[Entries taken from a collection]
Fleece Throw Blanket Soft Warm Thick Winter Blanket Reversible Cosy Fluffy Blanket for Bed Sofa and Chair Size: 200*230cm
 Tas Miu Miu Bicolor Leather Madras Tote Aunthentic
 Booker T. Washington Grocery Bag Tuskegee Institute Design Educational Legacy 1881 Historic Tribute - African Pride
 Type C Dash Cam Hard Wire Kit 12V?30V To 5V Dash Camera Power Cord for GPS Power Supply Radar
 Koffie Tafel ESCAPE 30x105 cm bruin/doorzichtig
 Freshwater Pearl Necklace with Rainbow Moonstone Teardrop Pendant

Task goal:
Look above for the line that contains "Tas Miu Miu". That line and every line after it through the end of the data must be written out exactly, with nothing else.

Answer to the problem:
 Tas Miu Miu Bicolor Leather Madras Tote Aunthentic
 Booker T. Washington Grocery Bag Tuskegee Institute Design Educational Legacy 1881 Historic Tribute - African Pride
 Type C Dash Cam Hard Wire Kit 12V?30V To 5V Dash Camera Power Cord for GPS Power Supply Radar
 Koffie Tafel ESCAPE 30x105 cm bruin/doorzichtig
 Freshwater Pearl Necklace with Rainbow Moonstone Teardrop Pendant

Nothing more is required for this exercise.